The problem comes, in both cases, when the sides start name calling and being disrespectful to one another, and that's what's started to happen here. When the Oreo boycott happened, those opposing were called bigoted and ignorant, which wasn't fair. Are there some who are, in fact, bigoted? Of course. Was everyone involved like this? Absolutely not. And in the current situation, I've seen the nastiness come from both sides, which upsets me because I support a little bit of both.


Just so that you have some background, I have been raised and am proud to remain a Christian. I also happen to have a lot of friends that happen to be gay. And from a legal standpoint, I don't totally oppose the concept of gay marriage. My reasons for this are extensive and complicated and are for another time and post other than this one. I can see both sides of the arguments presented, but the argument has gotten to the point where I don't really care to, because no one seems to be able to discuss it civilly.


To those who support Chick-fil-a: Good for you for standing up and supporting an organization that you believe in. That's awesome. You can't see me, but I'm giving you a thumbs up. But knock the hating off. Not everyone has to show the crispy chicken love that you are, and just because you disagree with the opposition doesn't mean that the founding fathers are rolling in their graves. You don't have to agree with what they're saying, but you also don't get to hate on them for standing up for what they believe in, just like they shouldn't get to hate on you for standing up for your views.
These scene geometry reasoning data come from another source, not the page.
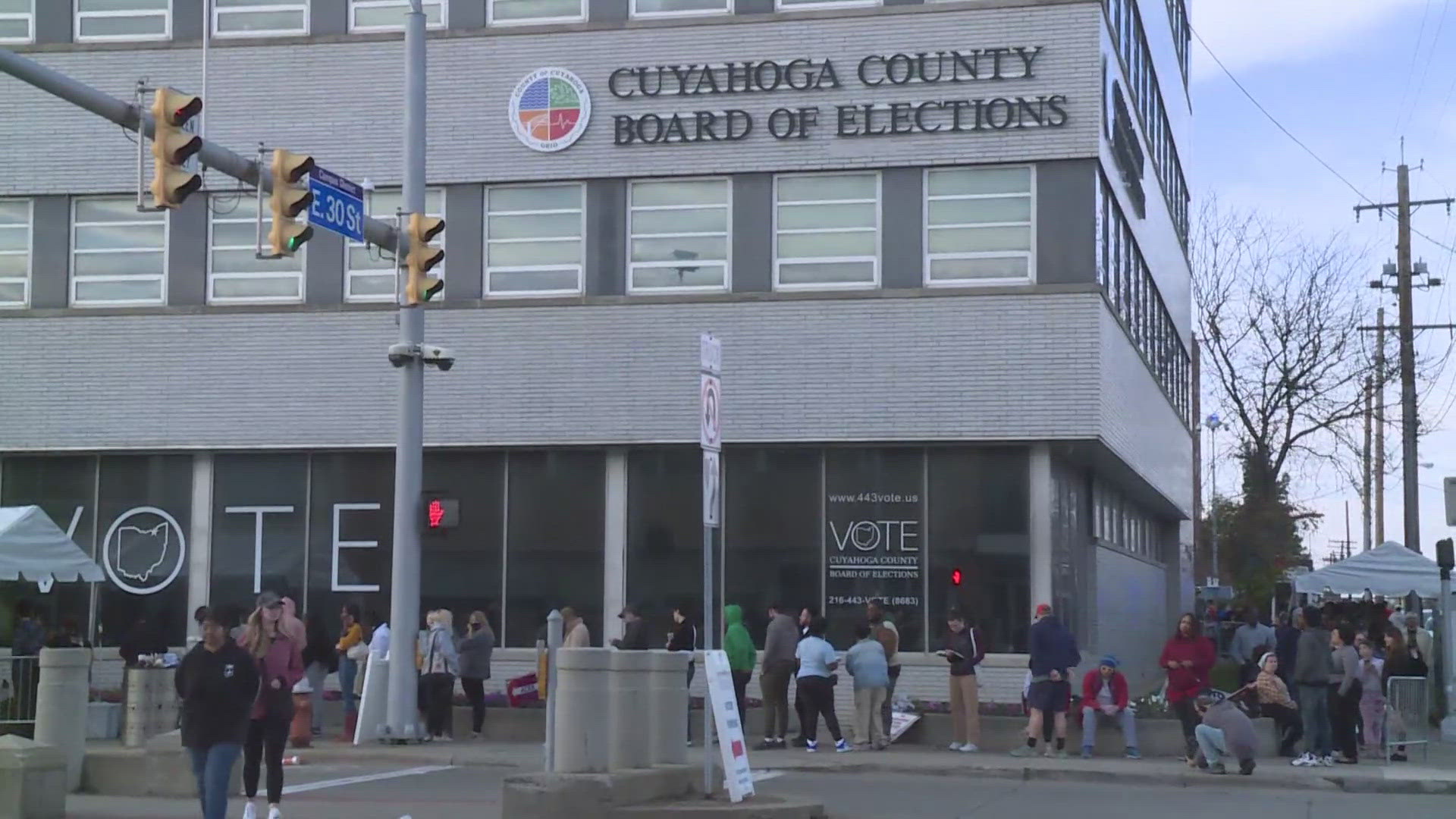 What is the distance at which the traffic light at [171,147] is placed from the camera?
1377 centimetres

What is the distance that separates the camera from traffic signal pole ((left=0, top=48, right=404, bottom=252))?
12.7 metres

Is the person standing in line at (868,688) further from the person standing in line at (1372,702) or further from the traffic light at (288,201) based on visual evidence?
the traffic light at (288,201)

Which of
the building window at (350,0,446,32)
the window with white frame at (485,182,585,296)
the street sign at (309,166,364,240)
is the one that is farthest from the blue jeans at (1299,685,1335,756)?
the building window at (350,0,446,32)

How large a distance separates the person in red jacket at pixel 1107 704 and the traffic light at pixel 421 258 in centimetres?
833

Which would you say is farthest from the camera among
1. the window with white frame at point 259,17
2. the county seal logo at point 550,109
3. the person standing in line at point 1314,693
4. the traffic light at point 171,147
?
the window with white frame at point 259,17

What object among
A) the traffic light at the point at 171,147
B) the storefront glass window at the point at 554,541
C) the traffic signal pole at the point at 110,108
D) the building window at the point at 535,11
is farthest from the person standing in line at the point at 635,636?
the building window at the point at 535,11

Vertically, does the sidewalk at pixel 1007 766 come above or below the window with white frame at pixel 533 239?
below

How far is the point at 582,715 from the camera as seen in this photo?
14.2m

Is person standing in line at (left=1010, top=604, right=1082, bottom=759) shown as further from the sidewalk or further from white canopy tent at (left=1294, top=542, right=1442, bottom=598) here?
white canopy tent at (left=1294, top=542, right=1442, bottom=598)

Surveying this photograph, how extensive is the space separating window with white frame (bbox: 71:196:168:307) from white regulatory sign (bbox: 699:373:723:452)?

To those who oppose Chick-fil-a: Good for you for standing up and supporting a cause that you believe in. That's awesome. You can't see me, but I'm giving you a thumbs up. But knock the hating off. Really. You're making me look bad here. I'm all for advocating for rights, but you need to understand that while it's not okay for people to hate on anyone for their sexual orientation, it's also not okay for you to knock someone for their religious beliefs. Gay marriage supporters aren't the only ones with freedom of speech. Christians are welcome to that too. 


In closing, I'd like to share the views of Antoine Dodson, famed for his autotuned news story that became the famous "Bed Intruder Song", who happens to be openly gay, yet opposed to the boycott.


If you disagree with the stance that an organization has taken, by all means, exercise your right not to support that organization. But please keep in mind that others are welcome to make that same decision, and you may not always choose the same things.

1 comment:

Cassandra said...

I'm late to the party, but great post. Very well said.

I found your blog searching for the "Megachurch" picture, and I'm glad I did. You have very intelligent things to say. I hope you blog again!